Now we are going to configure the font so Eclipse can display Khmer Unicode text properly. Note that if you skip this step, all Khmer Unicode text will not appear in the editor even though the character exists in the file. This is contrary to the web browser where it displays boxes for each character if the Khmer Unicode is not setup properly.
  1. Select General - Appearance - Colors and Fonts
  2. Click on Basic then "Text Font" and the three buttons to the right are enabled. Image
  3. Click on "Change..." then select a Khmer unicode font (ie.: Khmer OS System)
  4. Then click OK on Font dialgue,
  5. Do the same for the Debug, Console Font.
  6. Click OK on Preferences window.

Now test and make sure you can see Khmer text in the text editor:
  1. From the Package Explorer, double click on helloworld.py (under helloworld -> src)
  2. Now switch to Khmer Unicode Keyboard layout (simultaneously press left-Alt and right Shift key)
  3. Then enter the Khmer text in the file by changing the last line to something like this:
    print 'សួស្ដី ពិភពលោក!  Hello, world!'
    
  4. Now to ensure that the encoding is correct, save the file (press Ctrl-S).
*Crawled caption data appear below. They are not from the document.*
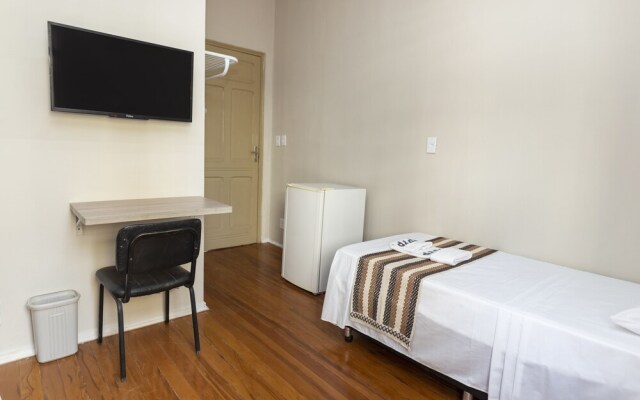 Hotel Prudente Ribeirão Preto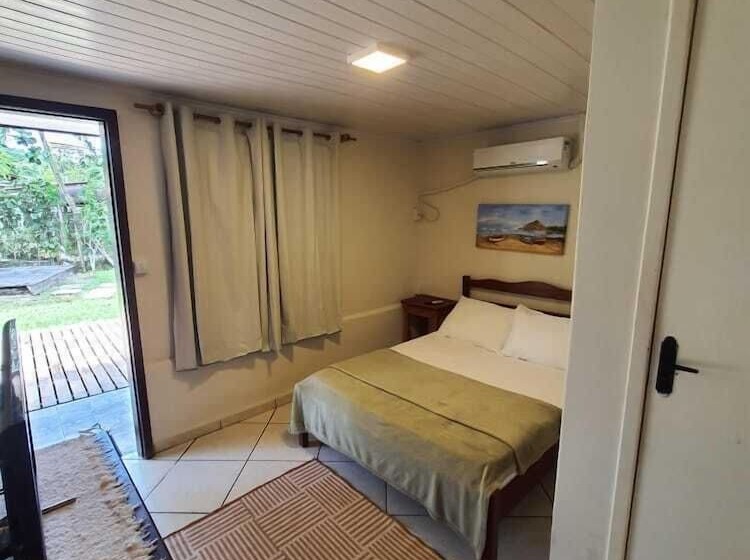 膳宿费 Complexo De Pousadas Caraguata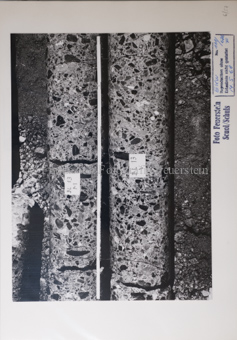 Zernez, Betonlabor, 1965-1969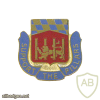 282nd Support Battalion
It should save correctly withou any prompt. If you get this error dialogue "Save could not be completed." In this case go to setup the file encoding steps. As a side notes, if you were to run this code directly, you may get the following error.
    File "C:\workspace\helloworld\src\helloworld.py", line 3
    SyntaxError: Non-ASCII character '\xe1' in file C:\workspace\helloworld\src\helloworld.py on line 3,
    but no encoding declared; see http://www.python.org/peps/pep-0263.html for details
    
    In this case, the Python does not know it is UTF-8 characters. See the next steps to complete the setup. If you were to run using GAE, you will not run into this error. But it recommended to go through the next steps.

Handling UTF-8 in Python

To tell Python compiler that you have UTF-8 text in your code, you can specified in the header the file encoding. To do that add the following line to the beginning of the file.
# -*- coding: utf-8 -*-
When you have UTF-8 strings in your code, specifies with a "u" in front of the strings to tell the compiler that it is Unicode text. For example:
# -*- coding: utf-8 -*-

s = 'ក'     # declare as regular string
utf = u'ក'  # declare as utf-8 string

print  "s type:", type(a), " utf type:", type(utf)
print  "s length:", len(a), " utf length:", len(utf)
This code outputs:
s type: <type 'str'>  utf type: <type 'unicode'>
s length: 3  utf length: 1
Notice that the same string is interpreted differently. The variable s without specified as Unicode is recognized as length 3 (3 bytes), where the variable utf is recognized as unicode type of length 1 as intended.

Output Khmer Unicode

Notice the above example does not print the Unicode text. If you were to print it out like this: "print utf", you will get this error:
UnicodeEncodeError: 'charmap' codec can't encode characters in position 0-5: character maps to <undefined>
This is because it does not know how to convert the Unicode string specified by the "u". To tell the encoding you would need to do this:
print utf.encode("utf-8")
Note that in GAE, you can just output Khmer Unicode string as a normal string without specifying it to be Unicode. That way you can print it out normally without specify the encoding to UTF-8. But the only issue is that it would be difficult to parse that string properly. To complete a new Khmer Unicode Hello World version, we need to do a few more things.
  1. Tell the web browser that the character encoding for the output is UTF-8 by changing the HMTL header line to:
    print 'Content-Type: text/html; charset=UTF-8'
    
  2. Now tell the browser that this is Khmer Unicode text by format a HTML tag:
    print "<h1 style='font-family: \"Khmer OS\"'>"
    
  3. Now change the output string to Khmer Unicode and specified the encoding as:
    print u'សួស្ដី ពិភពលោក!  Hello, world!'.encode("UTF-8")
    
Here is a complete code:
# -*- coding: utf-8 -*-
print 'Content-Type: text/html; charset=UTF-8'
print ''
print "<h1 style='font-family: Khmer OS'>"
print u'សួស្ដី ពិភពលោក!  Hello, world!'.encode("UTF-8")
print "</h1>"
Here is the output:
Image
Hello World output in Khmer

Tip

Without specified the font-family, most browsers like Firefox or Internet Explorer still can render Khmer Unicode text Ok. But some of the ligature might not work correctly. It is recommended that you specify the font-family to ensure that the text is rendering correctly. When setting letter spacing setting like "letter-spacing:-0.05em;", it will result in Firefox 2 not rendering correctly but Microsoft Internet Explorer is rendering fine. Now you have completed a basic Khmer Unicode Hello World example. Enjoy coding and share your knowledge.